Best Computing Practices: Landscape

This is Part 2 of the “Best Computing Practices for Ecology” series. I’ve just been watching the R revolution sweep ecology (one I’m very much a part of, too) and want to shed light on some other aspects of the “computing ecosystem” in ecological terms…insofar as I can make the wordplay work! So, here is the landscape ecology edition. What I mean to highlight here is “the landscape” of your computing environment: are we talking about just your laptop, a desktop connected to a network with resources you can access, or a computer cluster of some sort? What scale should your work be on, and what scales are accessible to you?

Which of these organisms best represents your analysis, and thus your ecosystem needs?

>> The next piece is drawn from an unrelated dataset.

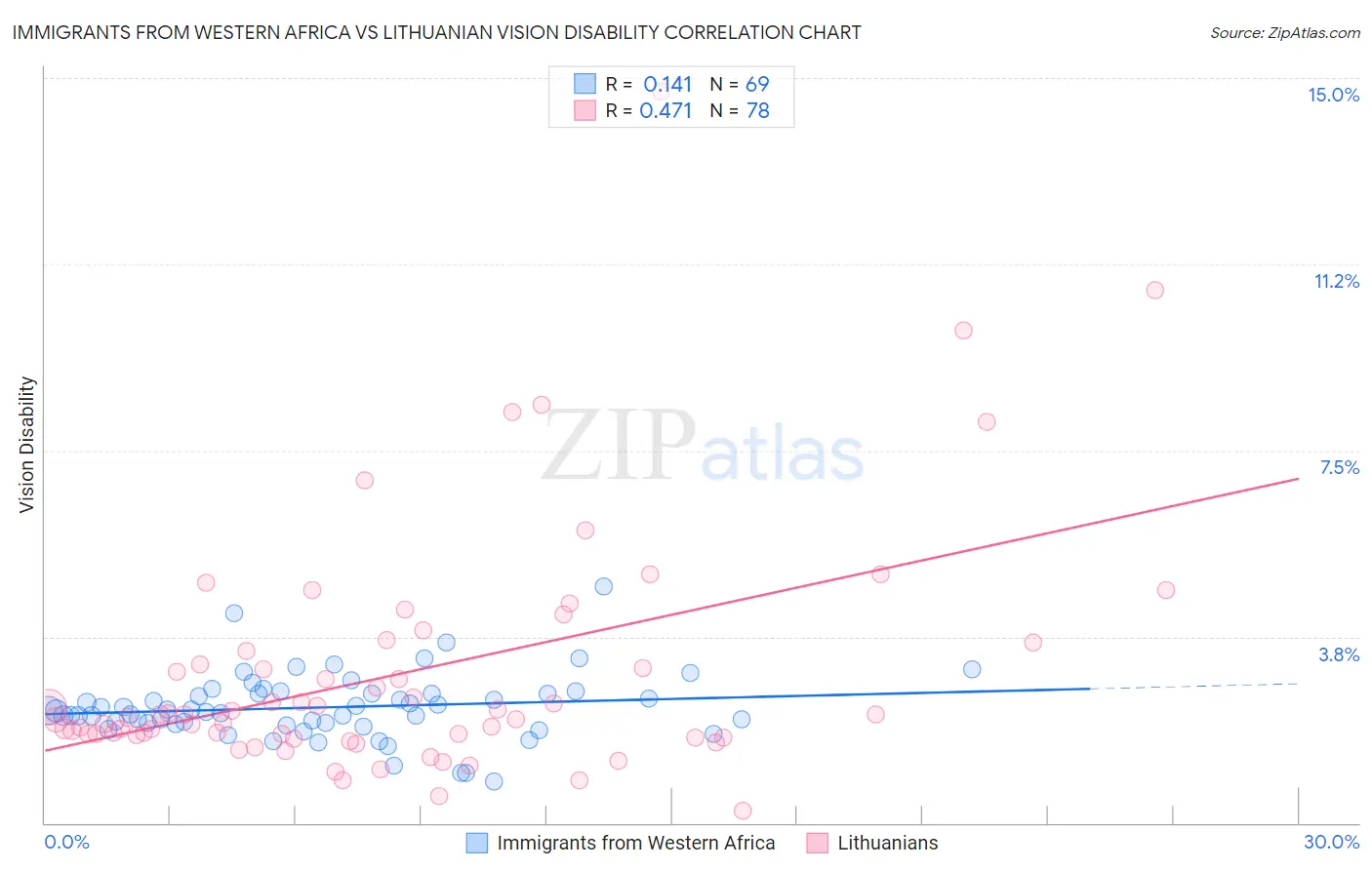 Immigrants from Western Africa vs Lithuanian Vision Disability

  • Western predatory mite on the orange: maybe your own personal computing environment is all you need! Perhaps you have a great computer that can handle your analyses in a timely fashion. Your biggest wait for an analysis to complete is overnight.
  • Karner blue butterfly: perhaps you need to “disperse” your computation a little bit, but not far. Maybe you can use a server in your building to take the load off your machine, and offer a bit more power. Then, you can still use your own machine without it being frozen an analysis that takes all its resources, and you can also shut it off while your analysis keeps running remotely.
  • Jellyfish: (OK admittedly this is where the functional connectivity analysis breaks down. I picked this because it’s a colonial organism.) Does your analysis have a lot of moving parts, where each “zooid” ultimately contributes to the whole picture? Maybe parallelization over multiple nodes is right for you (i.e. a computing cluster). For example, you can run many instances of independent similar jobs at once. You also can potentially access a lot of computing resources if your jobs need them.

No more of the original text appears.